* [Extracted records]
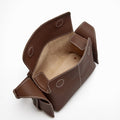 Brown pebbled leather Mini Drippy Roof Bag with white stitching, open top, tan interior. Modern design inspired by Chinese architecture.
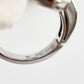 Close-up of a silver ring with 'Made in Italy' stamp on a light gray background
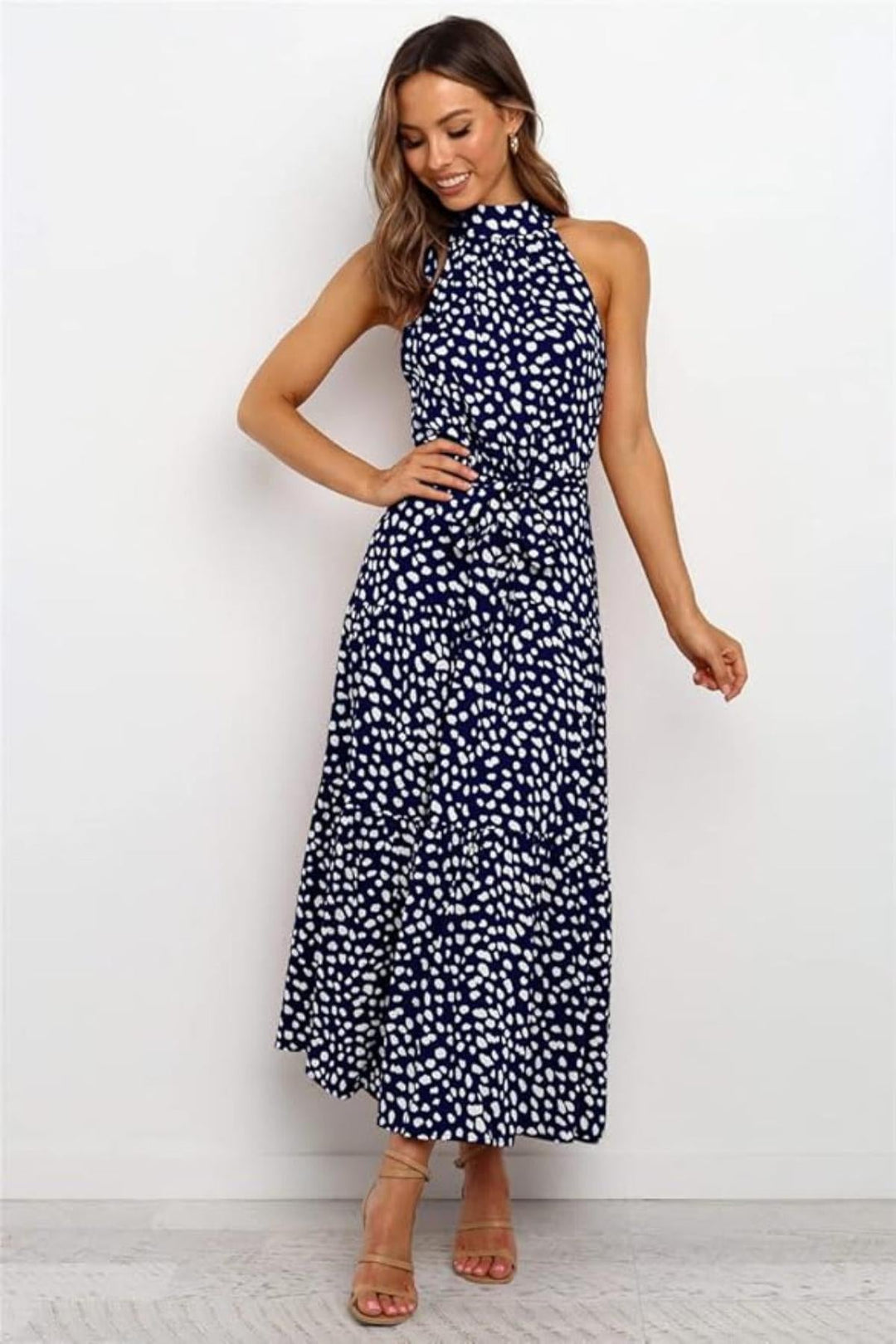Elegant white polka dot halter midi dress, a charming women's summer casual or day dress.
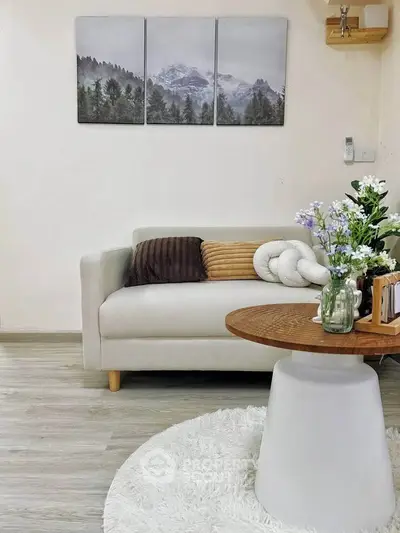 Charming living room with cozy sofa, elegant decor, and stylish coffee table in modern apartment.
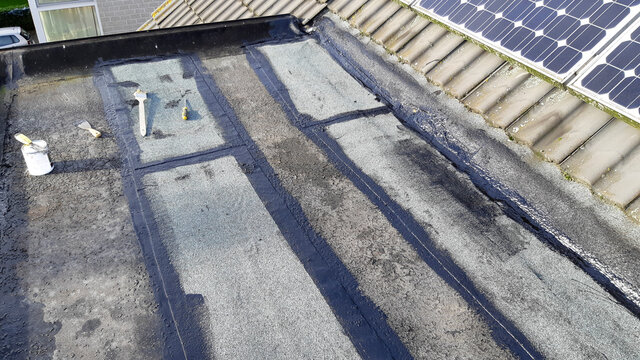 Tar Foil Roof Repair: New Patches Installed To Prevent Further Leaking From The Roof. Emergency Repair.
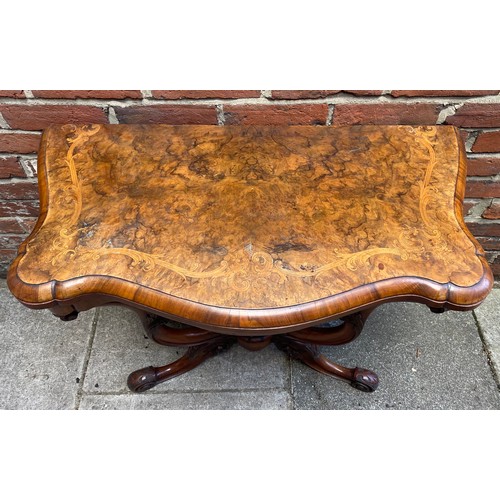 609 - A Victorian burr walnut and marquetry folding card table, with serpentine shaped top, green baize li... 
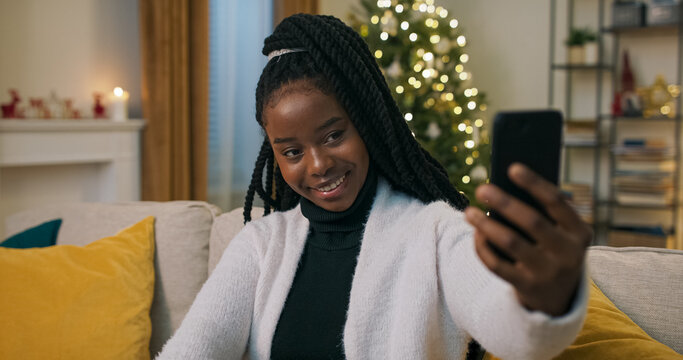A young student of multi-ethnic background sits on a sofa, taking a selfie. Dressed in a black golf and white cardigan, she takes photos and chooses the best. A Christmas tree flickers behind.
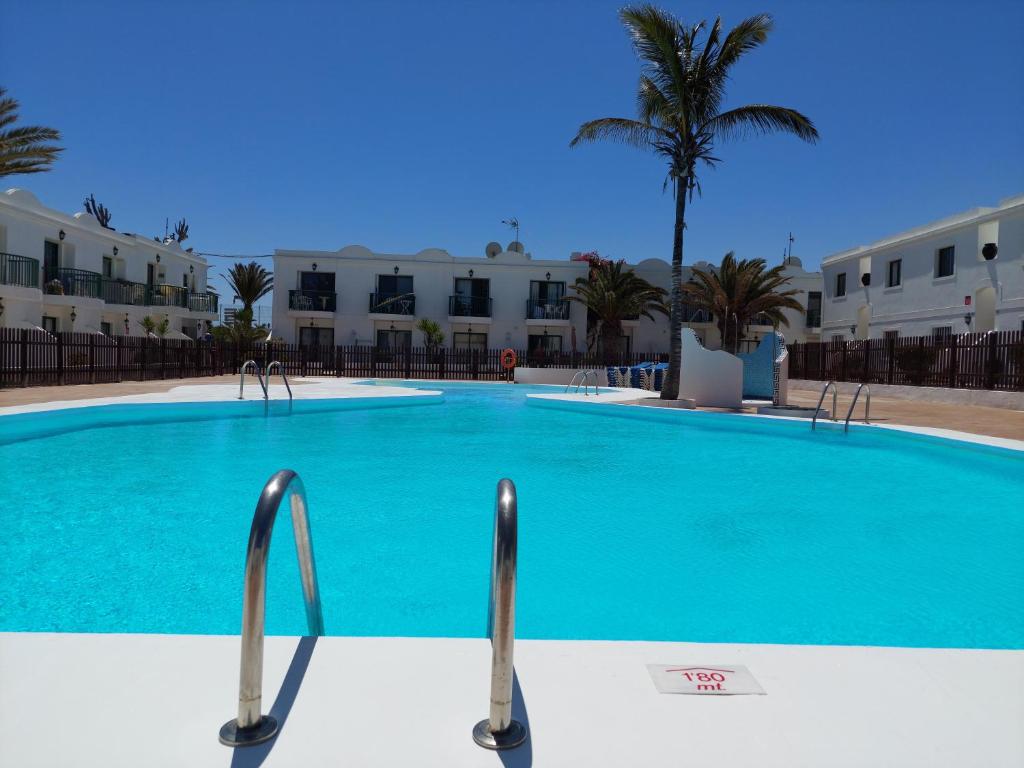 a large blue swimming pool with buildings in the background at Casa Contento by Sea You There Fuerteventura in Corralejo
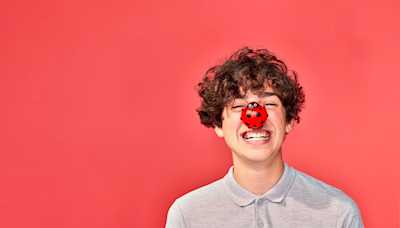 A boy laughing and wearing a red nose in the shape of a ladybird.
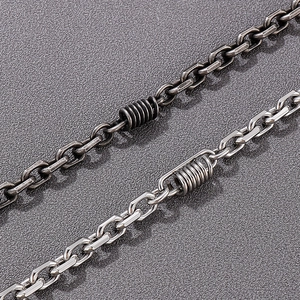 Detail of vintage biker chain necklace in oxidized and polished stainless steel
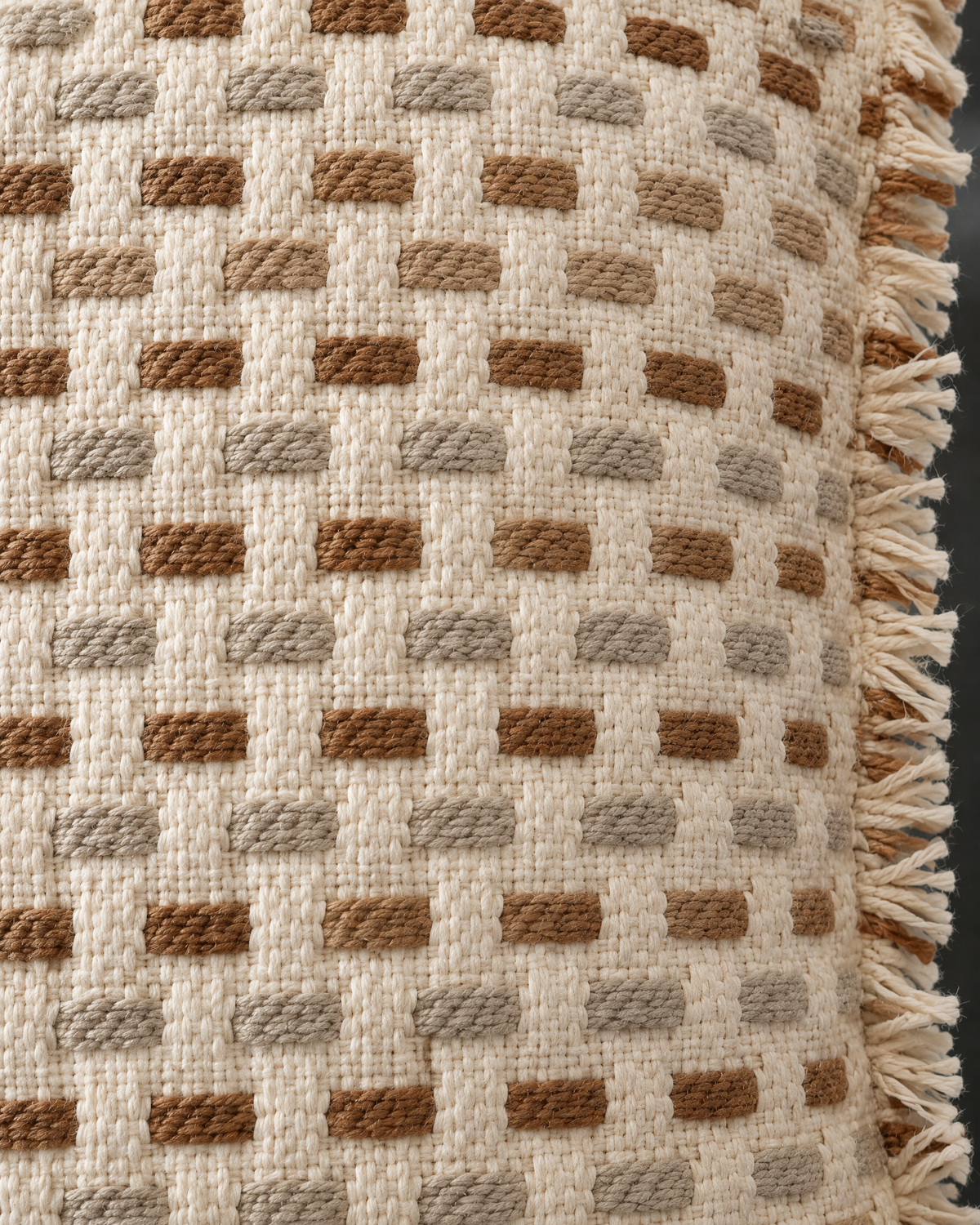 Macro close-up of rows of raised caramel, tan and greige dashes on a cream basket weave with a frayed self-fringe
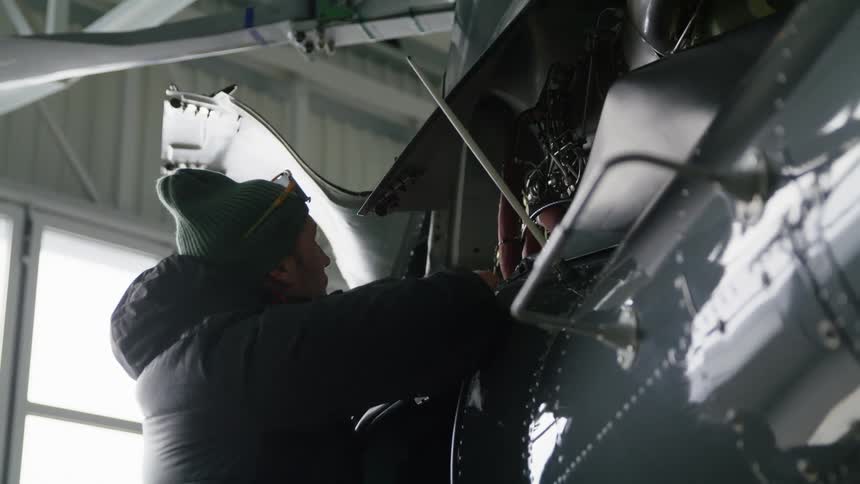 A man with a coat and hat working on a aircraft with a wall and window in the background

* [Required work]
When you output the entries, keep each line exactly as it is and leave out any pictures.

* [Task solution]
 Brown pebbled leather Mini Drippy Roof Bag with white stitching, open top, tan interior. Modern design inspired by Chinese architecture.
 Close-up of a silver ring with 'Made in Italy' stamp on a light gray background
Elegant white polka dot halter midi dress, a charming women's summer casual or day dress.
 Charming living room with cozy sofa, elegant decor, and stylish coffee table in modern apartment.
 Tar Foil Roof Repair: New Patches Installed To Prevent Further Leaking From The Roof. Emergency Repair.
 609 - A Victorian burr walnut and marquetry folding card table, with serpentine shaped top, green baize li... 
A young student of multi-ethnic background sits on a sofa, taking a selfie. Dressed in a black golf and white cardigan, she takes photos and chooses the best. A Christmas tree flickers behind.
 a large blue swimming pool with buildings in the background at Casa Contento by Sea You There Fuerteventura in Corralejo
 A boy laughing and wearing a red nose in the shape of a ladybird.
 Detail of vintage biker chain necklace in oxidized and polished stainless steel
 Macro close-up of rows of raised caramel, tan and greige dashes on a cream basket weave with a frayed self-fringe
 A man with a coat and hat working on a aircraft with a wall and window in the background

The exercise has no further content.